Verteidigungsministerin Annegret Kramp-Karrenbauer bei ihrer Ankunft in Sofia. Foto: picture alliance/dpa/Carsten Hoffmann

Verteidigungsministerin Annegret Kramp-Karrenbauer bei ihrer Ankunft in Sofia. Foto: picture alliance/dpa/Carsten Hoffmann

16.07.2020
yb/mit Material von dpa

Kramp-Karrenbauer auf Werbetour für den strategischen Kompass der EU

Berlin. Bedrohungen sind ein subjektives Empfinden. Ein Mensch, der in einem direkt neben einem Vulkan lebt, nimmt diesen als direkte Bedrohung wahr. Für seinen Freund, der 200 Kilometer entfernt wohnt, ist die Bedrohung durch den Vulkan eher abstrakt. Ähnlich ist es in der EU: Was bedrohlich ist und was nicht, nehmen die Mitgliedstaaten unterschiedlich wahr. Das will die Verteidigungsministerin ändern. Im Zuge der deutschen EU-Ratspräsidentschaft strebt sie eine gemeinsame Bedrohungsanalyse für die Union an. Das Ziel ist jetzt schon mehrfach genannt worden: Es geht um einen strategischen Kompass der EU.

Für dieses Vorhaben warb Annegret Kramp-Karrenbauer zunächst per Videoschaltung bei den zuständigen Ausschüssen des Europäischen Parlaments: Welche sicherheits- und verteidigungspolitischen Prioritäten die deutsche EU-Ratspräsidentschaft vorsieht, erläuterte die Ministerin vor den Mitgliedern des Ausschusses für auswärtige Angelegenheiten, Menschenrechte, Gemeinsame Sicherheit und Verteidigungspolitik (AFET) sowie dem Unterausschuss für Sicherheit und Verteidigung (SEDE).

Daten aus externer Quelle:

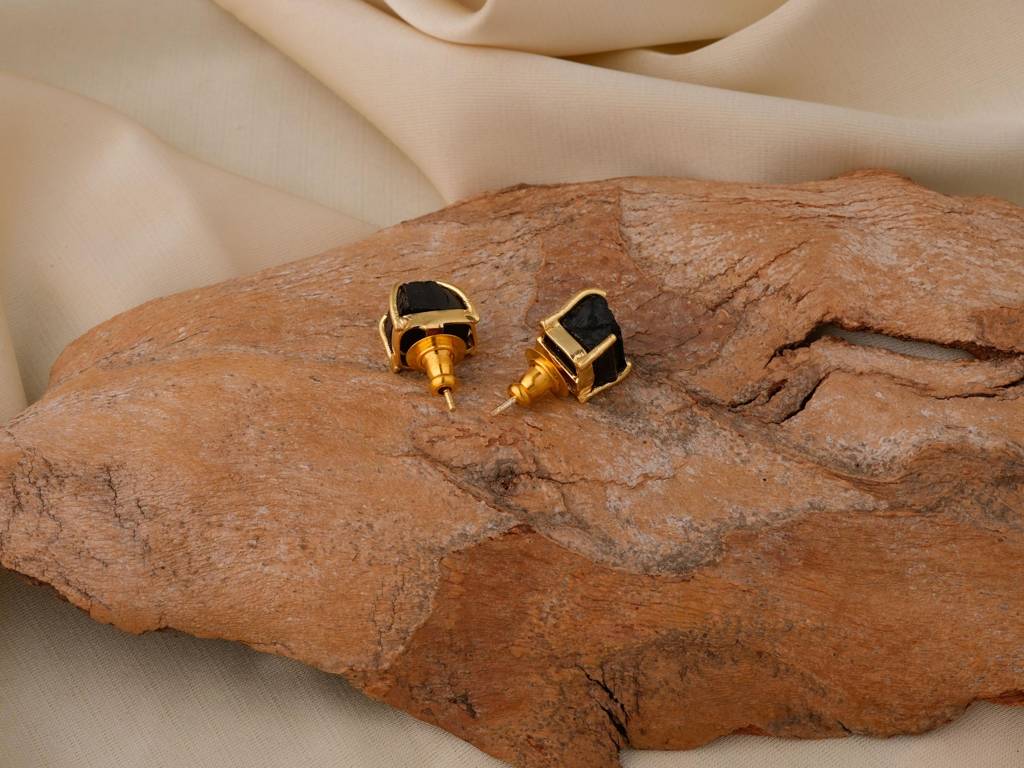 Black Onyx Studs : NAGE31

Auch wenn jetzt der deutsche EU-Ratsvorsitz im Zeichen der Corona-Krise steht: So neu sind die formulierten Ziele nicht. Dass Europa im Bereich der Sicherheits- und Verteidigungspolitik handlungs- und widerstandsfähiger und die Zusammenarbeit zwischen EU und Nato verbessert werden soll, sind Vorhaben, die im Prinzip Jahr für Jahr auf der To-do-Liste stehen.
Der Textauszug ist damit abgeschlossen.